Who said carrots had to be boring? These ale braised carrots are the perfect dish for any beer lovers out there! If you want to get your husband or friends to eat their greens but having a hard time with plain boiled carrot recipes, try braising them in ale to give them a new lease of life. These ale braised carrots are a delicious warming vegetable dish, perfect as a side at a Sunday roast or mid-week. They'll quickly become a favourite in your house!


  • 600g carrots
  • 250g peeled shallots
  • 3 celery stalks
  • 3tbsp olive oil
  • 30g butter
  • Sprig of thyme
  • 2 cloves garlic
  • 150ml ale
  • 100ml tomato juice
  • 1tbsp soft brown sugar
  • 250ml vegetable stock
  • 1tbsp chopped parsley
  • Sea salt and black pepper


  1. Peel the carrots and cut into 2cm rounds. Peel and halve the shallots. Cut the celery into 2cm baton lengths.

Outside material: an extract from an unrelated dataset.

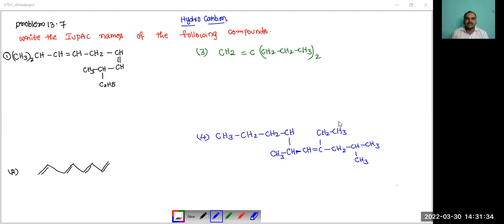Hello students. In this section we will discuss hydrocarbon chapter problem number 7: write the IUPAC name of the following components. This is the structure.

  2. Heat the olive oil in a large frying pan and add the butter. Put the celery and shallots on a low heat and season with the sea salt and black pepper. Add the sprig of thyme. Fry gently for about 5 minutes until lightly golden brown.
  3. Add the carrots and garlic and let them fry for 2-3 minutes turning all the time.
  4. Add the ale, tomato juice sugar, stock and parsley and let it reduce as it cooks.